Che la Lega attinga con forza al mondo delle Pmi non è certo una scoperta di oggi – anche se ai tempi delle coalizioni di centrodestra era proprio il Carroccio portavoce all’interno del Governo della grande industria – ma le dichiarazioni di Siri mostrano plasticamente questa linea di frattura rispetto alle scelte adottate con piglio quanto mai risoluto da Calenda. Scelte, aggiungiamo come già sottolineato in passato, mai politicamente enunciate in modo chiaro nelle sedi dovute, Parlamento in primis. Per l’attuale inquilino di via Veneto la priorità per il sistema economico italiano in tema energetico era ridurre il gap di competitività delle grandi industrie nazionali rispetto ai concorrenti tedeschi, gap dovuto, appunto, ai maggiori costi per l’approvvigionamento di energia. A pagare (qui la parte rimasta sempre sottaciuta) dovevano essere in sostanza famiglie e Pmi.

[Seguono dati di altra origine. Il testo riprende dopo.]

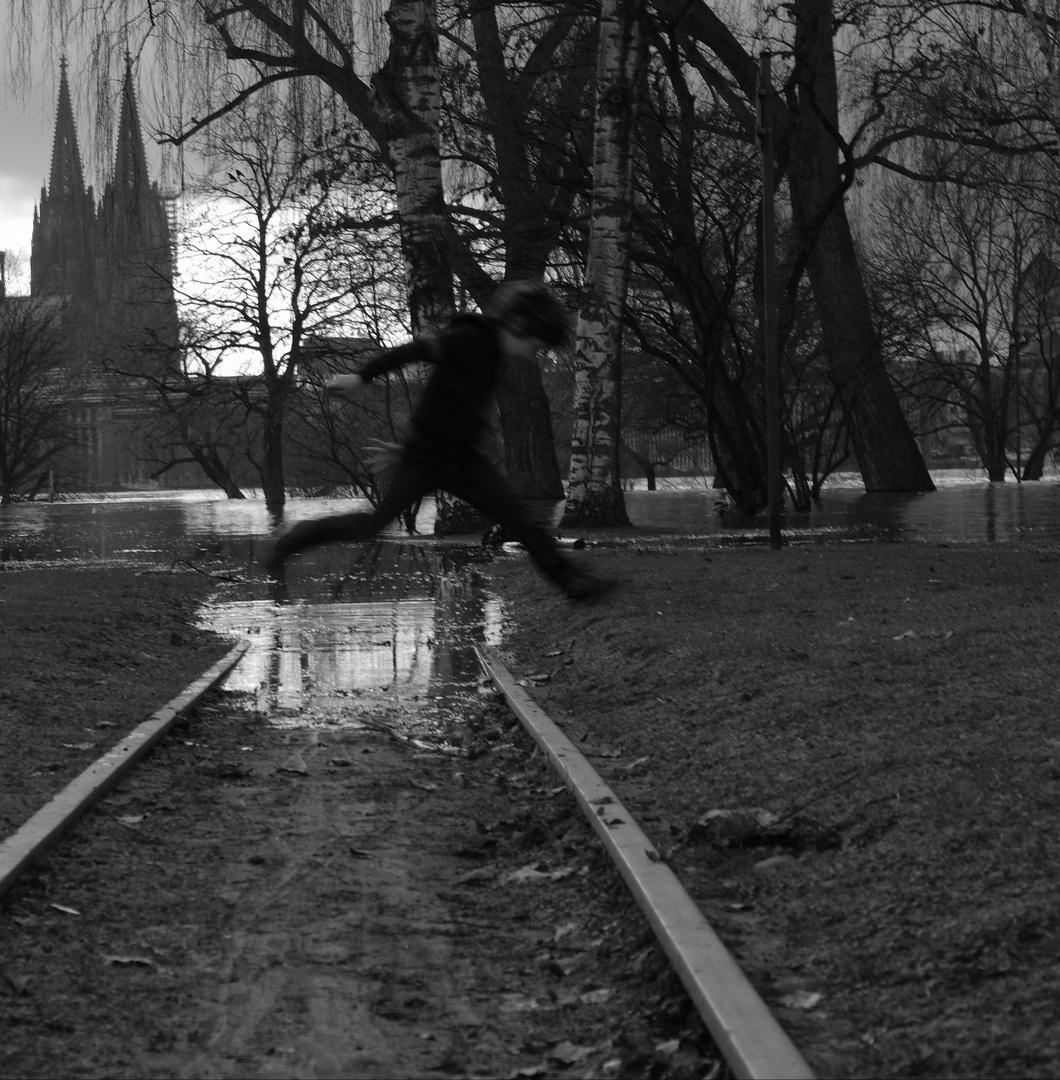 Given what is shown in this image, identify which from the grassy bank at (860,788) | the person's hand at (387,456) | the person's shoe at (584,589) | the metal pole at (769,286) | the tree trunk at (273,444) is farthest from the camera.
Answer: the tree trunk at (273,444)

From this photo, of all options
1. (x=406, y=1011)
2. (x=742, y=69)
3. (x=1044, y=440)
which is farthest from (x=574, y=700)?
(x=1044, y=440)

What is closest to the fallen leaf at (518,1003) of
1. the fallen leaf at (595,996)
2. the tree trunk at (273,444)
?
the fallen leaf at (595,996)

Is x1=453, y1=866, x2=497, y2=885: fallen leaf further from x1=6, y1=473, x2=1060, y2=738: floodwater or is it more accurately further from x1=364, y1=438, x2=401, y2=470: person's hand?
x1=364, y1=438, x2=401, y2=470: person's hand

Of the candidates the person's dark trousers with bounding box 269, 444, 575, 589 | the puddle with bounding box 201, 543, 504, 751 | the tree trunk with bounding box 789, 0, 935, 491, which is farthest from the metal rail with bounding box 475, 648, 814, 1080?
the tree trunk with bounding box 789, 0, 935, 491

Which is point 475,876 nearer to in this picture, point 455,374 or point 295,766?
point 295,766

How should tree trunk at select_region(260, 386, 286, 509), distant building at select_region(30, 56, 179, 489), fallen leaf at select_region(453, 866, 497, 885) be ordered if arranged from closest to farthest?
fallen leaf at select_region(453, 866, 497, 885)
distant building at select_region(30, 56, 179, 489)
tree trunk at select_region(260, 386, 286, 509)

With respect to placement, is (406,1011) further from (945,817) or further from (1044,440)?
(1044,440)

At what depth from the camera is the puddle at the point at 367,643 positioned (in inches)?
340

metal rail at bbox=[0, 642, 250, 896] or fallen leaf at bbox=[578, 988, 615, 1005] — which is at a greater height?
metal rail at bbox=[0, 642, 250, 896]

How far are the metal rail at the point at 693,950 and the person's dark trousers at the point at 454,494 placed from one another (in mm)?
2774

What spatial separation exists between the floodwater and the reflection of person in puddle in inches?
34.9

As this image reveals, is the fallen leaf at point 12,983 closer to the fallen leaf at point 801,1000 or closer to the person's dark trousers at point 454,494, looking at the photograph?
the fallen leaf at point 801,1000

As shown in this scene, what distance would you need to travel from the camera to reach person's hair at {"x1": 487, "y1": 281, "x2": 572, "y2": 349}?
862 centimetres

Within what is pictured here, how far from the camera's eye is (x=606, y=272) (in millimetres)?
18781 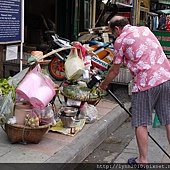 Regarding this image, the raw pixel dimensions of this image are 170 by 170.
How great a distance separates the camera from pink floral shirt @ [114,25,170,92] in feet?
13.2

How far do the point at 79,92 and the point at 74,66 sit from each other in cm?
53

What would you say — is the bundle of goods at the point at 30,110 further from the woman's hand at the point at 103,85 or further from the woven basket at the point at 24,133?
the woman's hand at the point at 103,85

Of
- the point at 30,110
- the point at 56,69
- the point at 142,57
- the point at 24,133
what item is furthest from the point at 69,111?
the point at 56,69

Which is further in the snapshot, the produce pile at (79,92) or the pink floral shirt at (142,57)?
the produce pile at (79,92)

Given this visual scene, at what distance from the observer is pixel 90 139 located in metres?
4.93

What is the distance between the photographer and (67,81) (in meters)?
5.29

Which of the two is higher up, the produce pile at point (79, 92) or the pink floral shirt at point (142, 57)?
the pink floral shirt at point (142, 57)

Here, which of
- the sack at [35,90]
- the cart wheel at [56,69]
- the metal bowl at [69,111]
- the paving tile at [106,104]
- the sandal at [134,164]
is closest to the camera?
the sack at [35,90]

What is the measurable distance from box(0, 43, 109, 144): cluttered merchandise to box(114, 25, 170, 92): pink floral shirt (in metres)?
0.56

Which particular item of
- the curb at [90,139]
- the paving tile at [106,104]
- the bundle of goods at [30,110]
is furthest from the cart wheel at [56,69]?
the bundle of goods at [30,110]

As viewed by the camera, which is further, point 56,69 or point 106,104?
point 56,69

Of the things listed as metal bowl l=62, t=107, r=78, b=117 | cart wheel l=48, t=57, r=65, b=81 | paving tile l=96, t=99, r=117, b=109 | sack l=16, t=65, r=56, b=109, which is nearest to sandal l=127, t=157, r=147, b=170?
metal bowl l=62, t=107, r=78, b=117

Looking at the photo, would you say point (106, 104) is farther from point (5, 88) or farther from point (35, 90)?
point (35, 90)

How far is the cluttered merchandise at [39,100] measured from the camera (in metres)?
4.24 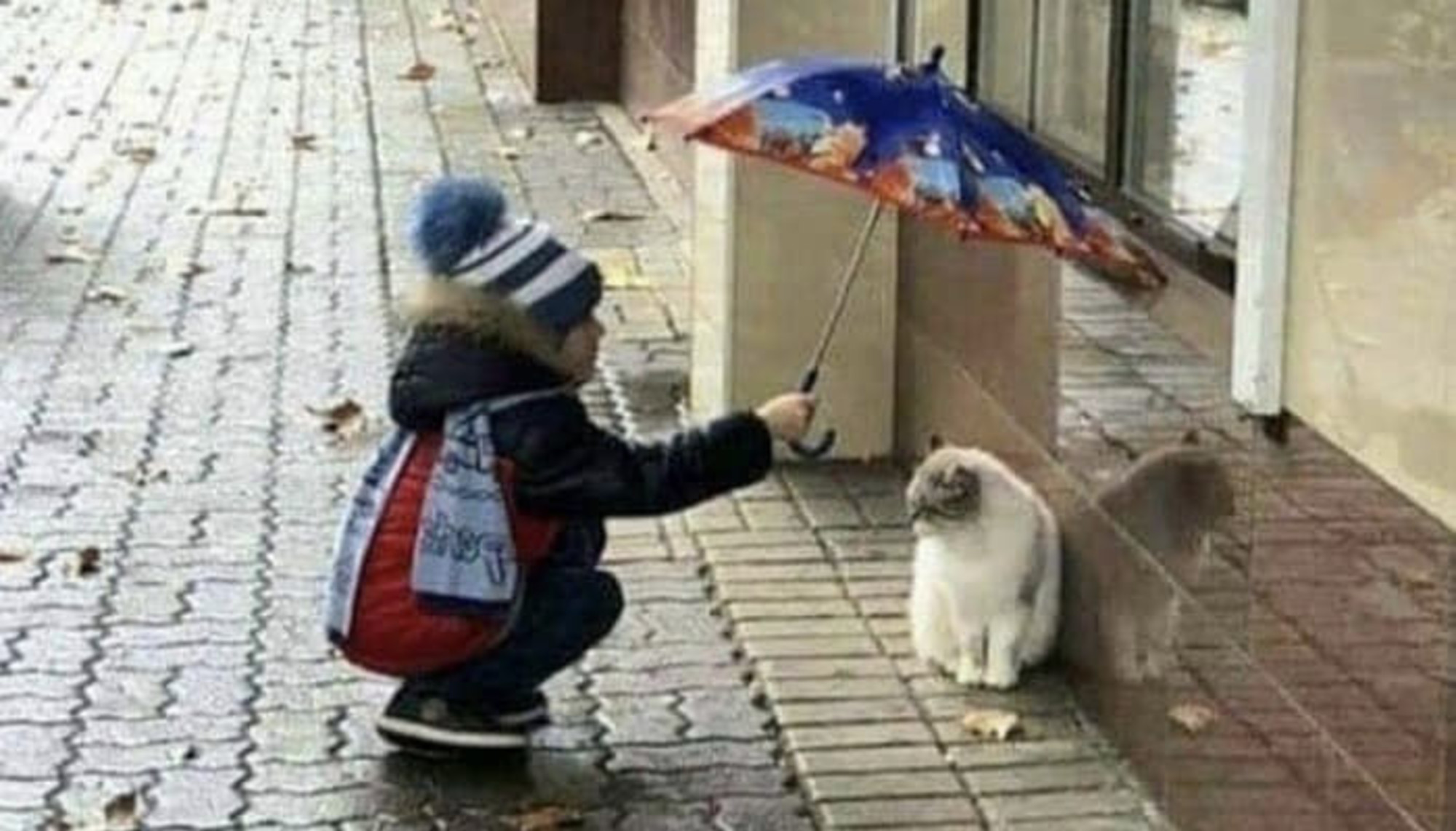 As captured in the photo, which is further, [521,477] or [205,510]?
[205,510]

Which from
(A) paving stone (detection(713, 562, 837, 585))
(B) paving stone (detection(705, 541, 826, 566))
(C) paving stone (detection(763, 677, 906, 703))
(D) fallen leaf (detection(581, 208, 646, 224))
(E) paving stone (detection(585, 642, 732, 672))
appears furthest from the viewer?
(D) fallen leaf (detection(581, 208, 646, 224))

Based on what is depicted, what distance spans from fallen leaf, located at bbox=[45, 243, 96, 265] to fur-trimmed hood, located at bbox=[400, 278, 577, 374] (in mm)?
6045

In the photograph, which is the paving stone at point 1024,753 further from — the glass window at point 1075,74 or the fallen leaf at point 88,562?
the fallen leaf at point 88,562

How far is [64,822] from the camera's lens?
19.2 feet

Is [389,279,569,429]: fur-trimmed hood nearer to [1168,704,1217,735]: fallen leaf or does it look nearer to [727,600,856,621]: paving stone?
[1168,704,1217,735]: fallen leaf

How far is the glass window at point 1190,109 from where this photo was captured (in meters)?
5.68

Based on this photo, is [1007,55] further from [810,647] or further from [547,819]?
[547,819]

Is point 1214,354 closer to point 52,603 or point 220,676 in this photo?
point 220,676

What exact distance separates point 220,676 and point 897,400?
2.35 metres

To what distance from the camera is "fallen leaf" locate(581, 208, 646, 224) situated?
41.2ft

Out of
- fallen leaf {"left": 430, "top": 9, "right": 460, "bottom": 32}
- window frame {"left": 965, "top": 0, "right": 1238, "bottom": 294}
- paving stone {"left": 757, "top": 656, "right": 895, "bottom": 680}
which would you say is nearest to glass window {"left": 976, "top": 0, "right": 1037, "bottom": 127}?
window frame {"left": 965, "top": 0, "right": 1238, "bottom": 294}

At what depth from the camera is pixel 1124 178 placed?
6.55 meters

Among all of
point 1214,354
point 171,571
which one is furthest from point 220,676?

Ora dunque Siri e Girotto hanno buon gioco a chiedere lo stop dei provvedimenti in questione facendo leva in particolare sugli interessi della piccola impresa. E la notizia non è tanto che M5S e Lega vogliono bloccare tutto sul fronte energia – anche se di fatto questa ne può essere la conseguenza – quanto che tra Lega e M5S c’è grande consonanza da questo punto di vista. E che questo rappresenta una forte e concreta discontinuità rispetto alle politiche dell’ultimo Governo. Di più: proprio questioni come questa – più che gli insulti e i precedenti in streaming –possono rendere quanto mai problematico un ipotetico accordo del M5S con il PD. Soprattutto con il PD “di Calenda”. Un disaccordo concreto su un problema concreto. E d’altronde la mancata tematizzazione “politica” delle scelte energetiche da parte di Calenda segnala qualcosa di più profondo di una semplice svista: la difficoltà di venire a patti con la grande protesta, con il malessere che è montato in questi anni nel Paese. Un malessere che, attraverso le articolate procedure della democrazia, dovrà in qualche modo trovare la strada del Governo – o di nuove elezioni.